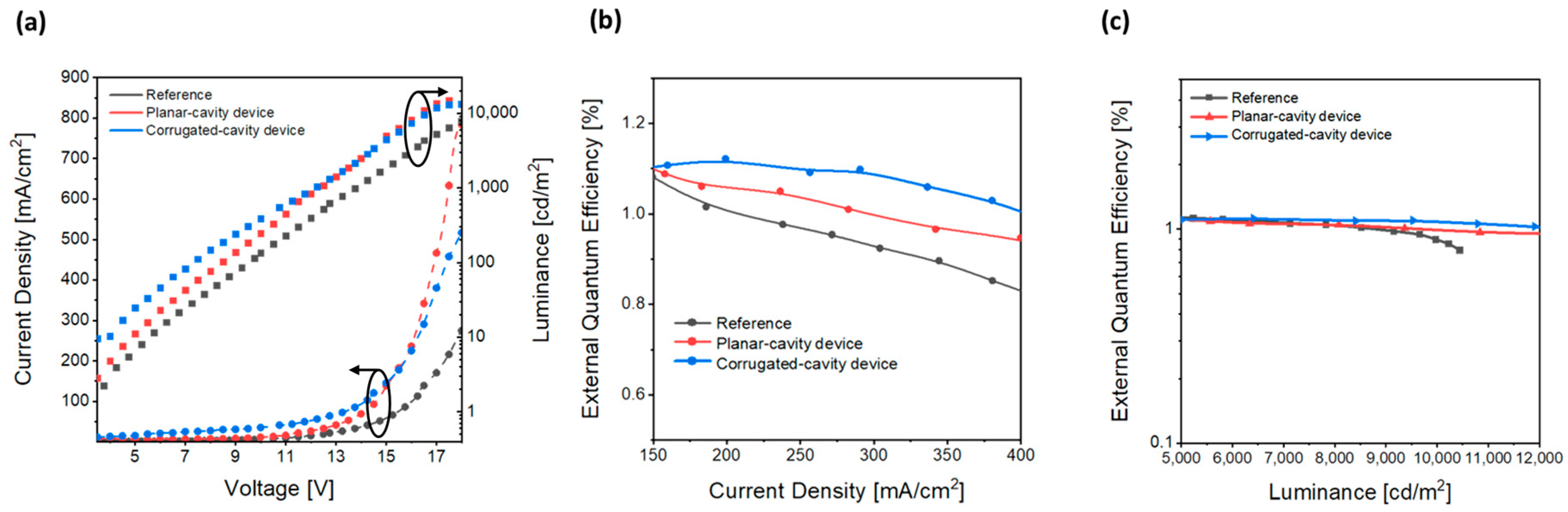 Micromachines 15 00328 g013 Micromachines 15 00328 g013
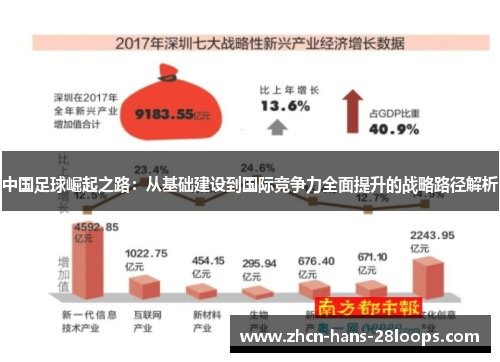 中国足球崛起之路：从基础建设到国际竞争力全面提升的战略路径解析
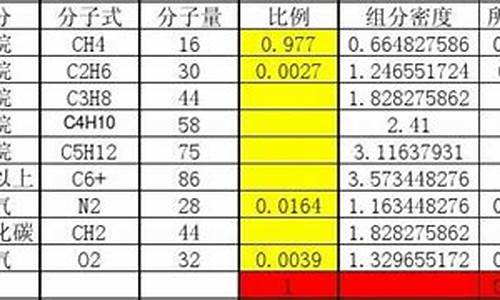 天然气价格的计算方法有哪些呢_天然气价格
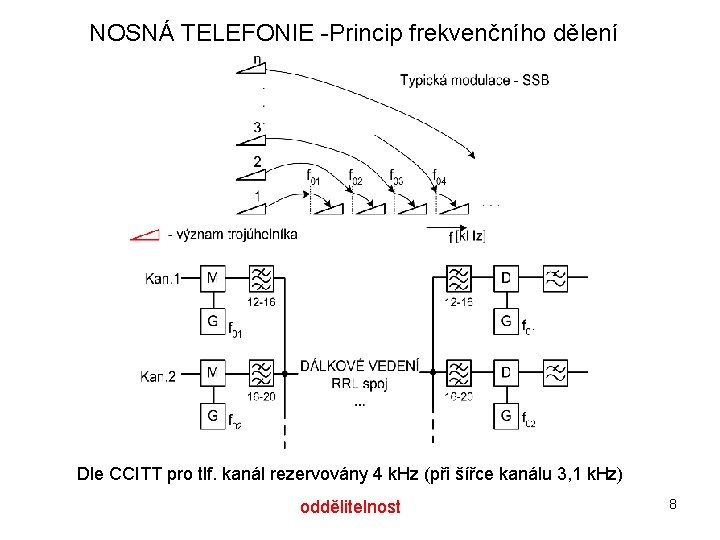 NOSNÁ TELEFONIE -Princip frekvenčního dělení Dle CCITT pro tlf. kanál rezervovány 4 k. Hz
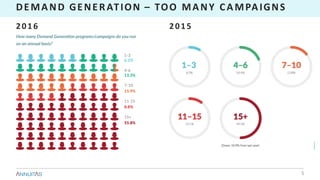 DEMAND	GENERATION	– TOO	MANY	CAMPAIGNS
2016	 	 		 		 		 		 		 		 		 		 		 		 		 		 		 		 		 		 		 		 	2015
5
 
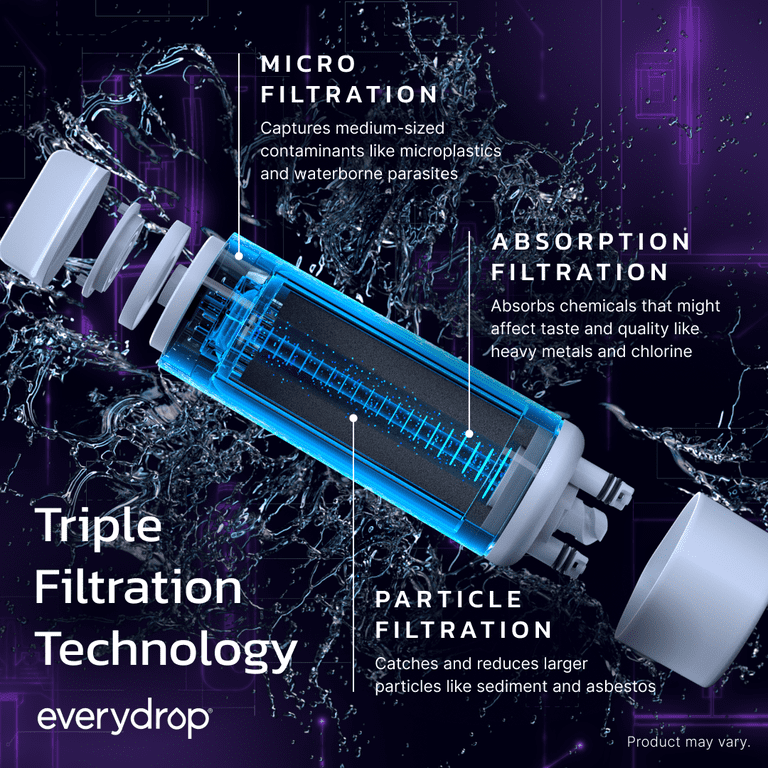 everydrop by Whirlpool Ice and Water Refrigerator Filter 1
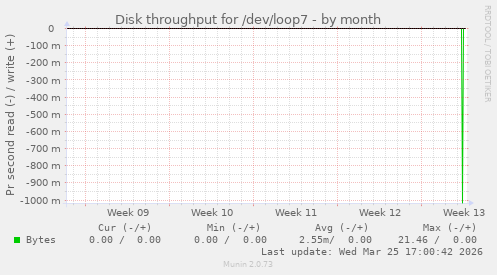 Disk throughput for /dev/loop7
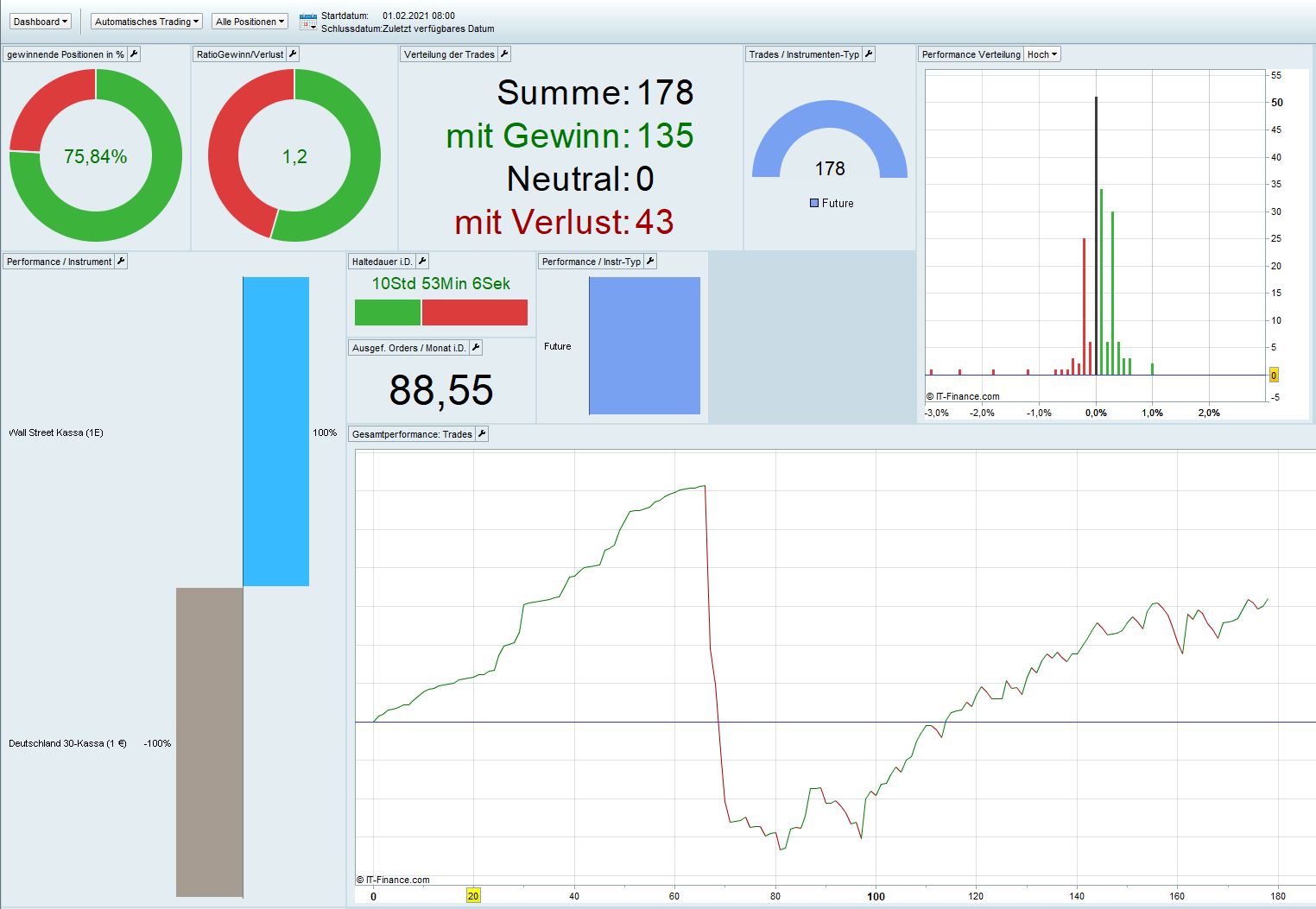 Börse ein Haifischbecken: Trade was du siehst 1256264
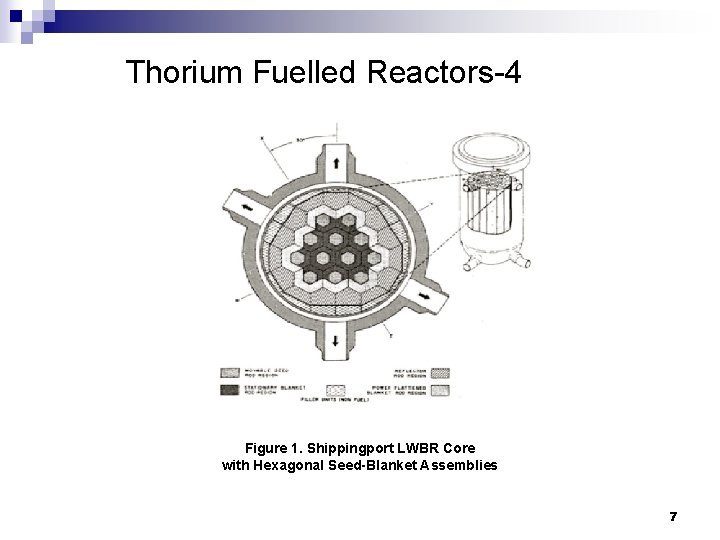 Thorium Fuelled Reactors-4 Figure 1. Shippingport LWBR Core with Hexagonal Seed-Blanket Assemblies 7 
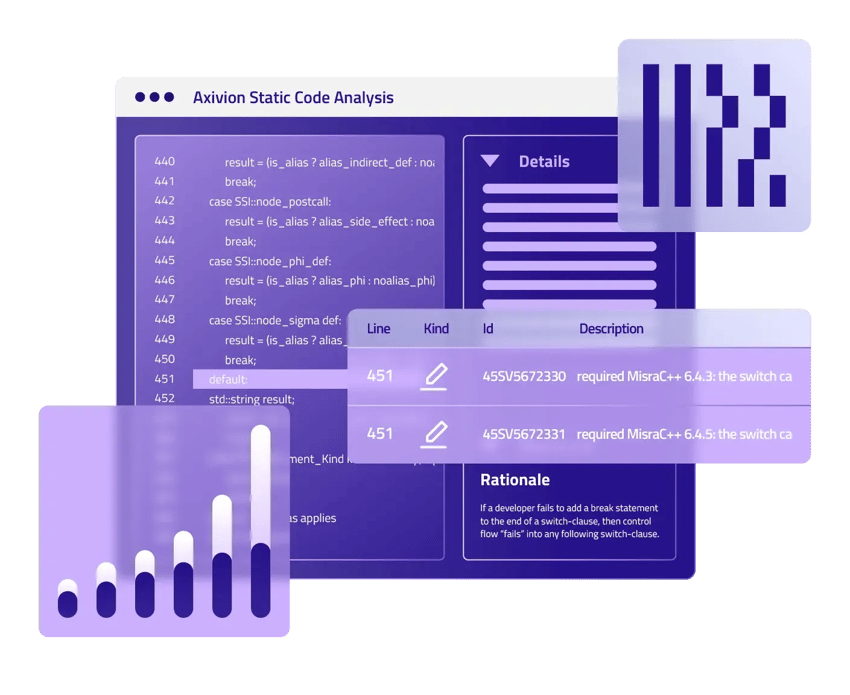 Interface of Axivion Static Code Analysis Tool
########################################
Repeat only the stretch of data above that runs from the line with "NOSNÁ TELEFONIE -Princip" to the line with "Thorium Fuelled Reactors-4". Keep both end lines; exclude pictures.

 NOSNÁ TELEFONIE -Princip frekvenčního dělení Dle CCITT pro tlf. kanál rezervovány 4 k. Hz
 DEMAND	GENERATION	– TOO	MANY	CAMPAIGNS
2016	 	 		 		 		 		 		 		 		 		 		 		 		 		 		 		 		 		 		 		 	2015
5
 
 everydrop by Whirlpool Ice and Water Refrigerator Filter 1
 Disk throughput for /dev/loop7
 Börse ein Haifischbecken: Trade was du siehst 1256264
 Thorium Fuelled Reactors-4 Figure 1. Shippingport LWBR Core with Hexagonal Seed-Blanket Assemblies 7 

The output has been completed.